Nevruz; farsça yeni (nev) ile gün (ruz) sözcükleri ile ifade edilen birleşik bir isimdir.Yılbaşının ilk günü , yeni gün anlamında Nevroz denmiştir. Toprak altındaki canlıların uykudan uyanışları, dirilişleri, kısacası canlıların bahara merhaba demelerinin günüdür.Nevruz ; eski bir takvime göre yılın ve baharın ilk günü sayılan martın yirmi ikisine rastlayan Gün. (Çağdaş Türkçe sözlük- Ali Püsküllü, Milliyet yayınları. )
Nevruz: Eski takvime göre Mart ayının 9’unda başlar. ( Miladi takvim 21 mart) Kutlamalar genellikle 3 gün sürer. Bu günde özel törenler yapılır.
Yazılı kaynak, efsane ve sözlü anlatımlara dayanarak Nevruz kutlamalarının hangi nedenlerden binlerce yıldır bayram törenlerine dönüşerek gelenekleştiğini sırası ile verirsek:
Alevi-Bektaşi söylencelerine göre NEVROZ:
* Dünya kuruluşunu bugün tamamlar.
* Hz. Muhammed’e nübüvet bugün ihsan edilir.

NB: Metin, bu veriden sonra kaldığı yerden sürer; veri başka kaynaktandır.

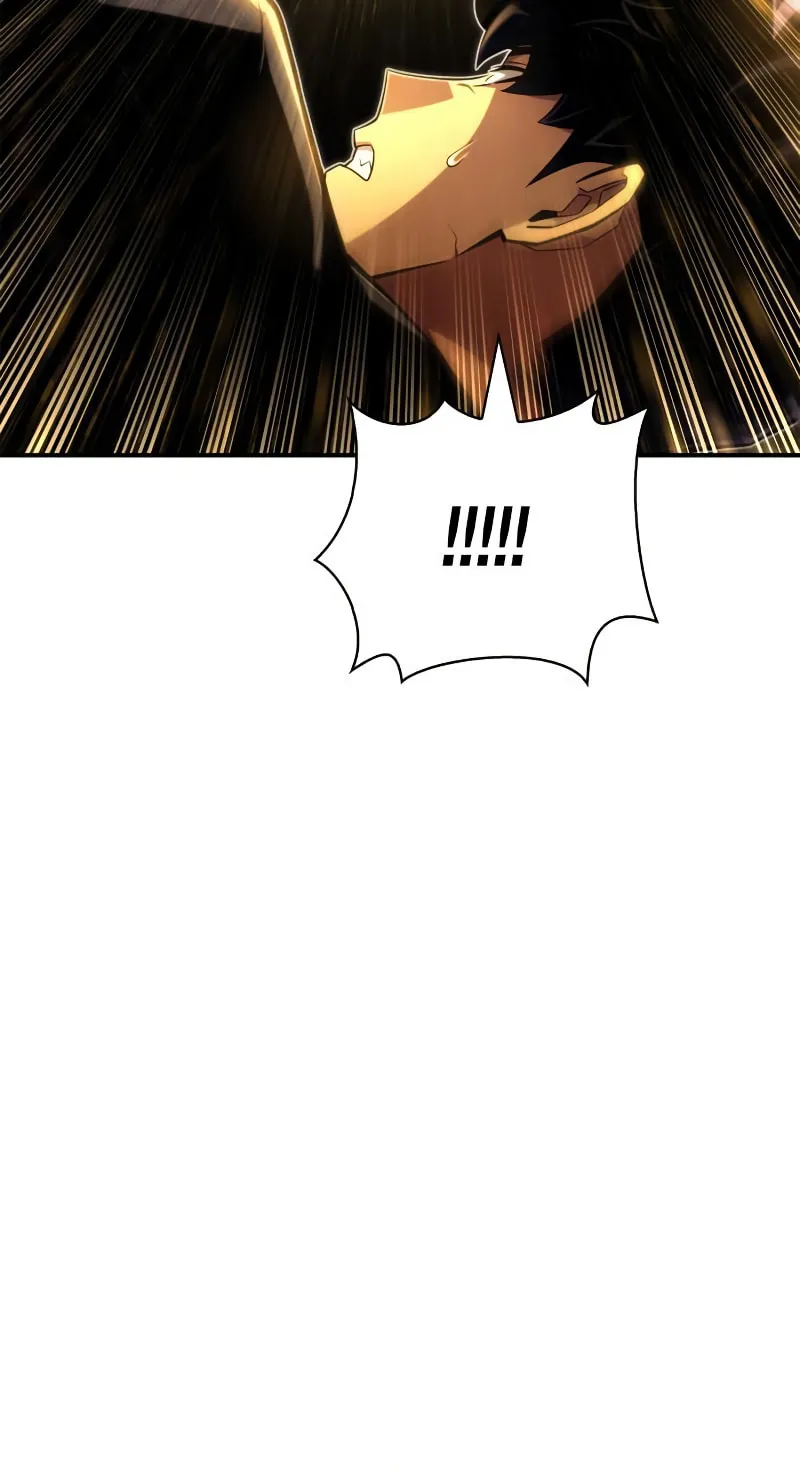 The Esper's Game Chapter 66 page 168 - 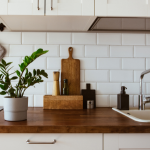 Basics Home Supplying you your Dining Furniture and Accessories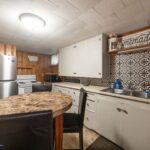 Bozeman MT 59715 - 12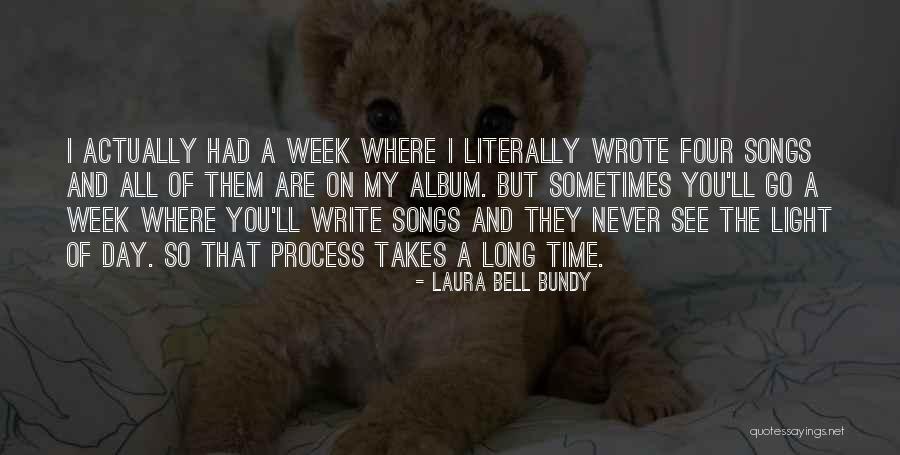 Demilian Quotes By Laura Bell Bundy Demilian Quotes By Laura Bell Bundy
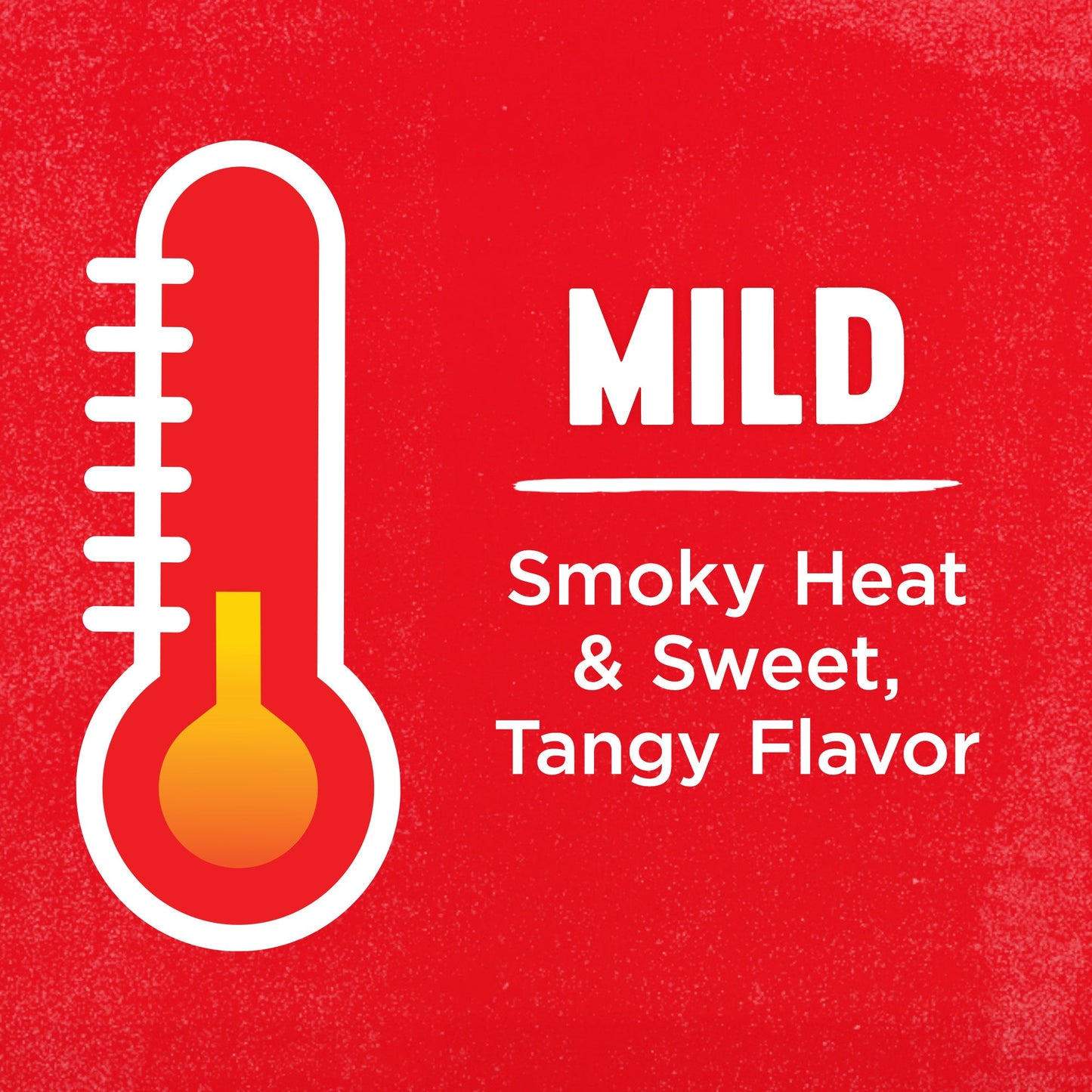 Frank's RedHot® Golden Dip'N Sauce. 12 fl oz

* Hz. Ali’nin bugün doğmuştur. Rivayetlere göre; Hz. Fatima, Betullah (kabe)i tavaf ederken doğum sancıları başlamış, tavafını tamamlayarak kabe’nin içine girerek 12 gün sonra 21 Mart 598’de doğum yapar. * * Hz. Muhammed, Beytullah’ın içinde ilk kez doğan amcası oğlunu kucağına alarak, Ali adını verir. Hz. * * * * Muhammed bu günü kutlu gün olarak ilan eder.
* Bugün Hz. Ali ile Hz. Muhammed’in kızı Hz. Fatma’nın evlendiği gündür.
* Hz. Muhammed bügün Gadir-hum’da okuduğu hutbede, Hz. Ali’yi Vasi tayin eder ve kendisinden sonra müslümanların önderi (imamı) ilan eder.
* Bugün Hz. Ali’nin hilafeti elde ettiği gündür.
* Bugün Haci Bektaş veli’nin Anadolu’ya gelişinin ilk günüdür. Rum Erenlerinin Şah-ı Velayeti karşıladıkları gündür.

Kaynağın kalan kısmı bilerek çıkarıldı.